Graham Harrison on Engaging with Lloyd-Jones: Round Two


Here Harrison gets to grips with "1966 And All That". A taster:
[Jim] Packer was to complain that Lloyd-Jones’ 1966 call was a ‘campaign of words without plans.’ (p.272). This position was elaborated years later by Carl Trueman who complained that Lloyd-Jones’ vague alternative to Anglicanism was ‘a non-ecclesiastical, non-confessional disaster.’ (p.272). Presumably he means that the Doctor had not produced a Presbyterian blueprint on which the forthcoming seceders could structure their theology. This is interesting as it betrays either an ignorance or, more likely, a rejection of Lloyd-Jones’ often argued distinction between the primaries and secondaries in the pecking order of evangelical doctrinal priorities. It is well known that into the latter category he was willing to place matters of church government, Independency, Presbyterianism and even Episcopacy. Important as they were they simply did not compare with the fundamental issues that were and still are at stake in a situation which calls into question the very nature of the gospel.

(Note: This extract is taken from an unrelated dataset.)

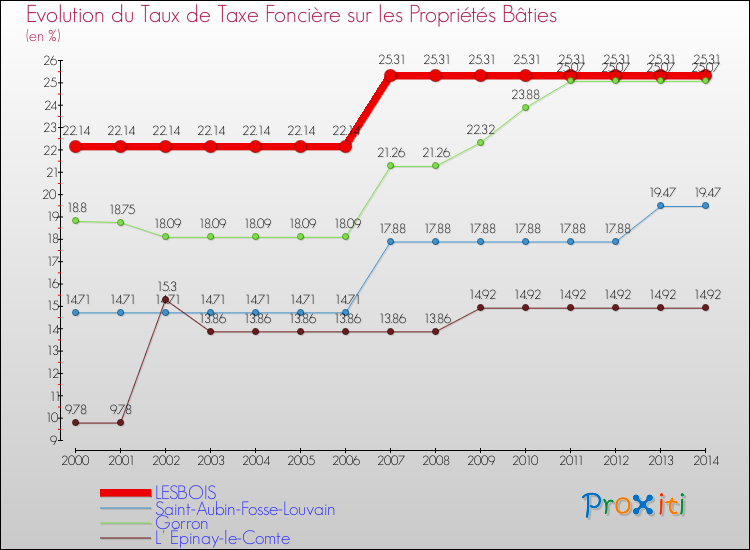 Evolution du taux de la taxe foncière sur le bati pour LESBOIS et les communes proches de 2000 à 2014 Comparaison des taux de taxe foncière sur le bati pour LESBOIS et les communes voisines de 2000 à 2014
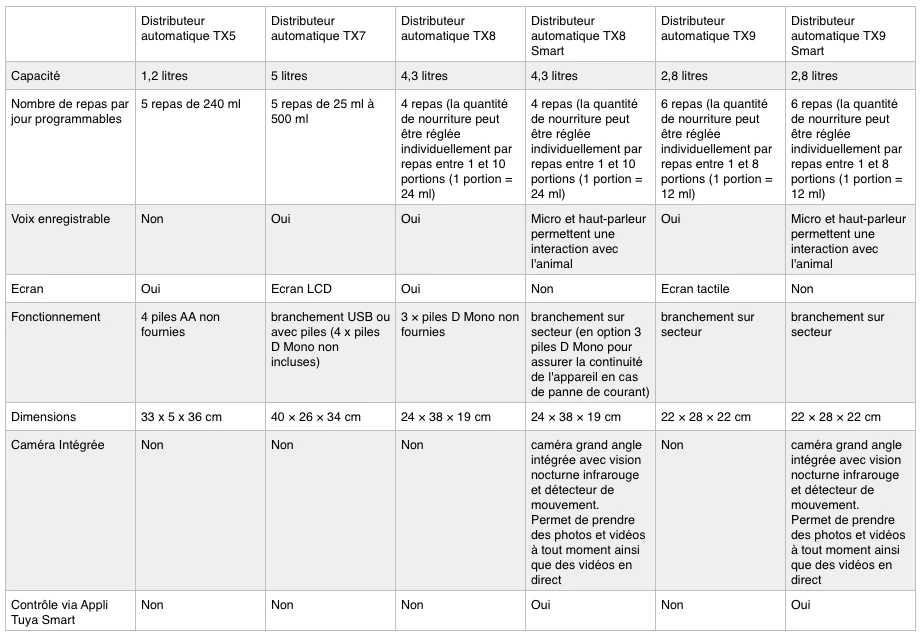 Trixie Distributeur Automatique TX1 3 Trixie Distributeur Automatique TX1 – Image 3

I think Harrison hits the nail on the head. Simply because Lloyd-Jones did not propose the post-succession restructuring of Evangelicalism along Episcopal or Presbyterian lines does not mean that he he had no concern for ecclesiology. On the contrary, what he wanted was a union of Evangelical churches, although those churches might have had differing patterns of church government.